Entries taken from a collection
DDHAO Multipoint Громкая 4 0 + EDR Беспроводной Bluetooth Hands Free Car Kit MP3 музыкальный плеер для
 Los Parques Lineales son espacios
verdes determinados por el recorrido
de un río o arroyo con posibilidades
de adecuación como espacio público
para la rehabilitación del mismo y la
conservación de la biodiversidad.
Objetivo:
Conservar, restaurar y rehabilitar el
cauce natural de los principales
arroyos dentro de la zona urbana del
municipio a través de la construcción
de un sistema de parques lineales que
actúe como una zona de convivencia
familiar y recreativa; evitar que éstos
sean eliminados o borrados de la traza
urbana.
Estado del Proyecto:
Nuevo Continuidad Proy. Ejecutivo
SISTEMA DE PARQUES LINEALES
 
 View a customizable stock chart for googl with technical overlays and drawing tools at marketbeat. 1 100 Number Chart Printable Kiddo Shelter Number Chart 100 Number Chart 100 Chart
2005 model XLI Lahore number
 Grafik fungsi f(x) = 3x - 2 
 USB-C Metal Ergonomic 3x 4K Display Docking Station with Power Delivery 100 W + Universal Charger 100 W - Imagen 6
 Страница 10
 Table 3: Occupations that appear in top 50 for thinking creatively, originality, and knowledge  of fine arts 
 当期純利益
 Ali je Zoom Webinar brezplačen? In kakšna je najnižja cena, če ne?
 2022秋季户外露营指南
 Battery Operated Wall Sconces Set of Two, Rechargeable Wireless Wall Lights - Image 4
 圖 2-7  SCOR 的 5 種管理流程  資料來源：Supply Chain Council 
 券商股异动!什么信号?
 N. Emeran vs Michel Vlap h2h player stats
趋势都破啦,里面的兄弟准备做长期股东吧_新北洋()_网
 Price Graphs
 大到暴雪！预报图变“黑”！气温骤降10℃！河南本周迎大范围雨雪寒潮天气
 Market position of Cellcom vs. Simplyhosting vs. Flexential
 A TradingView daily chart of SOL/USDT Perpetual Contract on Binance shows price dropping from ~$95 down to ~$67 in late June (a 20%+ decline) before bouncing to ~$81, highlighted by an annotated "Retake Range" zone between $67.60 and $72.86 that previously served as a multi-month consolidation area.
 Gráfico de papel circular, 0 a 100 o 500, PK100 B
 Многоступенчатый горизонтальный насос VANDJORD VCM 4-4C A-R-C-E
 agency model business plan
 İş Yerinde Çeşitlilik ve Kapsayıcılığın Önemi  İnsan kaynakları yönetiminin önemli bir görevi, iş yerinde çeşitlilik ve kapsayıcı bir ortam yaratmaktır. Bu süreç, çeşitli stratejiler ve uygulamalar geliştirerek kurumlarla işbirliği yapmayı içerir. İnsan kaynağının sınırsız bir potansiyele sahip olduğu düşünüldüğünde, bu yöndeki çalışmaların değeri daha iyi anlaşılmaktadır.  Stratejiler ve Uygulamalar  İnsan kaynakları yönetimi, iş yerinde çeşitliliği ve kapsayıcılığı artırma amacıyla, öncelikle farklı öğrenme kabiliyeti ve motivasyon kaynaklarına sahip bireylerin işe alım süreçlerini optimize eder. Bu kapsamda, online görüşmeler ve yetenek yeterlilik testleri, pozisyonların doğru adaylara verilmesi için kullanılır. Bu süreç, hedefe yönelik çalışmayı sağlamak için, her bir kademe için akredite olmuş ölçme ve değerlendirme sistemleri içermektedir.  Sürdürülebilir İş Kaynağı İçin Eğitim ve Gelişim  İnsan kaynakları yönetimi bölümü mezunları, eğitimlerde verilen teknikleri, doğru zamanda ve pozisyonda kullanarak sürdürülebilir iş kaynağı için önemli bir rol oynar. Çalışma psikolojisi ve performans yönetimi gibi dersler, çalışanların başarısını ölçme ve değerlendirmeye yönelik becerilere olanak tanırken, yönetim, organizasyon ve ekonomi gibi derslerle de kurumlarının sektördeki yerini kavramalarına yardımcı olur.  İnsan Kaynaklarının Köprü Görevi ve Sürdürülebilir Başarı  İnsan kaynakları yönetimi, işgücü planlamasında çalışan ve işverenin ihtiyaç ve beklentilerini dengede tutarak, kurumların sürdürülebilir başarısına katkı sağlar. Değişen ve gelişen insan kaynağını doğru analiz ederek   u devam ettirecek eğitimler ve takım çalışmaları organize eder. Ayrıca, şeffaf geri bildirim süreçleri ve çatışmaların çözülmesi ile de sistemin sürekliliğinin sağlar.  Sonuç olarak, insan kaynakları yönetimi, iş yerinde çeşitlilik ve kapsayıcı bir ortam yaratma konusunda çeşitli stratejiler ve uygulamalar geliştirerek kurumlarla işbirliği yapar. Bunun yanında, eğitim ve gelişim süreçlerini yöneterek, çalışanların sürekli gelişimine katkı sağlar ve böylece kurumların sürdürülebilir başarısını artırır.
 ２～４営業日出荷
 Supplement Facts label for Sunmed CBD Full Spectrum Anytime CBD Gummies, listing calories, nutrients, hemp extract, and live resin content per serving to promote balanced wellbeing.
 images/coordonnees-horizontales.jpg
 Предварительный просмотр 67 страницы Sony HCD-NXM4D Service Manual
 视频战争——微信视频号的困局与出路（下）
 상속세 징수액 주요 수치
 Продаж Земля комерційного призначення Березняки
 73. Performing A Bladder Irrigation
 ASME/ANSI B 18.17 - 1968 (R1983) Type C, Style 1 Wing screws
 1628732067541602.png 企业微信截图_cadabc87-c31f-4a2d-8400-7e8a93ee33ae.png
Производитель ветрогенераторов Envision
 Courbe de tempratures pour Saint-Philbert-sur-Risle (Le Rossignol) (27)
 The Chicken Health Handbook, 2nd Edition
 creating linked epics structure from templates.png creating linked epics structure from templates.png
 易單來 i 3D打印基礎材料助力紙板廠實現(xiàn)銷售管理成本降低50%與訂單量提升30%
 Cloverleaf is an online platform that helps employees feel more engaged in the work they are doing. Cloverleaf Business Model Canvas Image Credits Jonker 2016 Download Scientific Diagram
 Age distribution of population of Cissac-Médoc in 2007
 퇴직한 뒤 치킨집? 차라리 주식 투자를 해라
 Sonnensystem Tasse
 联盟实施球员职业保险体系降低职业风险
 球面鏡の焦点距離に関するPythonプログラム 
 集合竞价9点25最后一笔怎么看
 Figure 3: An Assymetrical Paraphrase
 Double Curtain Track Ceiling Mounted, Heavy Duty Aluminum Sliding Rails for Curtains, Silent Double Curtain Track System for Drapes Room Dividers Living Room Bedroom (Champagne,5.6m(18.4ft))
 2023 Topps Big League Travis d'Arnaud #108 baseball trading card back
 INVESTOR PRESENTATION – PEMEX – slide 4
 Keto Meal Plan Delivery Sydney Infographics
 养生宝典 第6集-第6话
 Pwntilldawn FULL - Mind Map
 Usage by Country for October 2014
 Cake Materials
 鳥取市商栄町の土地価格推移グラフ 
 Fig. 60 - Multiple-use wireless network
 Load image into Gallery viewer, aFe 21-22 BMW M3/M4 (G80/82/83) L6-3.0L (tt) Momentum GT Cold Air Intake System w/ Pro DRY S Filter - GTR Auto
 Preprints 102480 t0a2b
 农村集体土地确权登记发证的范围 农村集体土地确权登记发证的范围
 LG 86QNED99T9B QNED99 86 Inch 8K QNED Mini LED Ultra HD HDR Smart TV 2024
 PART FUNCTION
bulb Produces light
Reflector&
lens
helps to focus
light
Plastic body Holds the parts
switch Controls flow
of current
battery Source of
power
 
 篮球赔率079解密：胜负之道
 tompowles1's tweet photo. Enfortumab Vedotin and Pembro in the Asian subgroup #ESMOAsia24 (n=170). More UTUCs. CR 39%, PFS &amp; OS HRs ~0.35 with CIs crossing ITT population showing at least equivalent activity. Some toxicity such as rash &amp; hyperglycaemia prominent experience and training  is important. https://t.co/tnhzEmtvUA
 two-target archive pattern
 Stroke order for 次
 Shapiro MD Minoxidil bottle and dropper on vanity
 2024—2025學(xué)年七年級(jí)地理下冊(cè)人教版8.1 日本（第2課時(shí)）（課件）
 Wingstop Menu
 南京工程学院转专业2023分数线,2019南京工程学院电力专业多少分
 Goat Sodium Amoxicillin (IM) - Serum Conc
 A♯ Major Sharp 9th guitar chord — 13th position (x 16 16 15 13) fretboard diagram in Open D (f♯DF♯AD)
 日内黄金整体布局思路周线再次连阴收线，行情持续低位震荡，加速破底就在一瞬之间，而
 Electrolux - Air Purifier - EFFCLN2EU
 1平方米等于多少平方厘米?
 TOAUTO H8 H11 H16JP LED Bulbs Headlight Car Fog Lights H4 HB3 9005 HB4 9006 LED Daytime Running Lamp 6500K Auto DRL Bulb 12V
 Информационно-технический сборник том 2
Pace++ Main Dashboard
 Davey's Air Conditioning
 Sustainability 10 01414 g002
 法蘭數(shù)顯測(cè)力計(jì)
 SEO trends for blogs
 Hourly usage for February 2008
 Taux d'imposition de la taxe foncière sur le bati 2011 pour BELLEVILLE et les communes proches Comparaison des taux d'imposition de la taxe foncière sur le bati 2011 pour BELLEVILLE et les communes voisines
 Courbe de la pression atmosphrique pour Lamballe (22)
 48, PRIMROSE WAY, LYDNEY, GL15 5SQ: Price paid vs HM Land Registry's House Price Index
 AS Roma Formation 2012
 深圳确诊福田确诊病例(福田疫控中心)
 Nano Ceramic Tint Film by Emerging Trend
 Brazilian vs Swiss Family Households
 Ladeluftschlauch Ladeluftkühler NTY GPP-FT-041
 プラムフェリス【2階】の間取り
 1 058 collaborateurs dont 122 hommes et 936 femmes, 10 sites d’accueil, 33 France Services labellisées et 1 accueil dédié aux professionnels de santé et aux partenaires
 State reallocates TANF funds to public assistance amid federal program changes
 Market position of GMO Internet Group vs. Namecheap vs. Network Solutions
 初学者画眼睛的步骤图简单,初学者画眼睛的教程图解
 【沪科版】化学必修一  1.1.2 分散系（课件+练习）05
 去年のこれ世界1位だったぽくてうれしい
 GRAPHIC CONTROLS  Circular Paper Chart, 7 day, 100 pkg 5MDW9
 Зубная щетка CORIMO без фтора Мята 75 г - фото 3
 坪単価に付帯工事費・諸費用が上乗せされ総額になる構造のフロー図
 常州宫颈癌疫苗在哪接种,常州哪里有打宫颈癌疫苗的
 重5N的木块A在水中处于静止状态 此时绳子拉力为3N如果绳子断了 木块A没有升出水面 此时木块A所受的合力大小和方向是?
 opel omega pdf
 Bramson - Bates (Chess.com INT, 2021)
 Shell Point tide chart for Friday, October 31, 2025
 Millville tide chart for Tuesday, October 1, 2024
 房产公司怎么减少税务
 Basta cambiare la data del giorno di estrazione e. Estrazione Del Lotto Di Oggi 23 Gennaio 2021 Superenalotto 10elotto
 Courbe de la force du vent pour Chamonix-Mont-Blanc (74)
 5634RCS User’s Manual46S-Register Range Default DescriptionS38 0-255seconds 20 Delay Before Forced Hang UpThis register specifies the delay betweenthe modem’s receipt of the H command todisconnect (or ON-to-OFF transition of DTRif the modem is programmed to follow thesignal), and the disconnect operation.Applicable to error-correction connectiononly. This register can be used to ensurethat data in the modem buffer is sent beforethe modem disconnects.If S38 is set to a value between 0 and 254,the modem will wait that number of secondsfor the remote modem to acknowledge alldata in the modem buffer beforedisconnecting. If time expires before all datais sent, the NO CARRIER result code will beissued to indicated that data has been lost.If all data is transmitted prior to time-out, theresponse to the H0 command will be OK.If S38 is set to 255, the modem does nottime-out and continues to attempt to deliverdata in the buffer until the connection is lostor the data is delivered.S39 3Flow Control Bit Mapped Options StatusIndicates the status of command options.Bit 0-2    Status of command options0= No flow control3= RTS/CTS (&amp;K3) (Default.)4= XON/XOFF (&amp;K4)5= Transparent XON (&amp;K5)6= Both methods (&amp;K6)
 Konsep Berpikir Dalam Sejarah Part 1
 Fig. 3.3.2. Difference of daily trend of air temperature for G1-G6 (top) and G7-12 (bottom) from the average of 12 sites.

**What you have to do**:
Please transcribe only the lines in the records above running from the line that has "LG 86QNED99T9B QNED99" through the line that has "篮球赔率079解密：胜负之道", both included, exactly as they appear.

**Solved problem**:
 LG 86QNED99T9B QNED99 86 Inch 8K QNED Mini LED Ultra HD HDR Smart TV 2024
 PART FUNCTION
bulb Produces light
Reflector&
lens
helps to focus
light
Plastic body Holds the parts
switch Controls flow
of current
battery Source of
power
 
 篮球赔率079解密：胜负之道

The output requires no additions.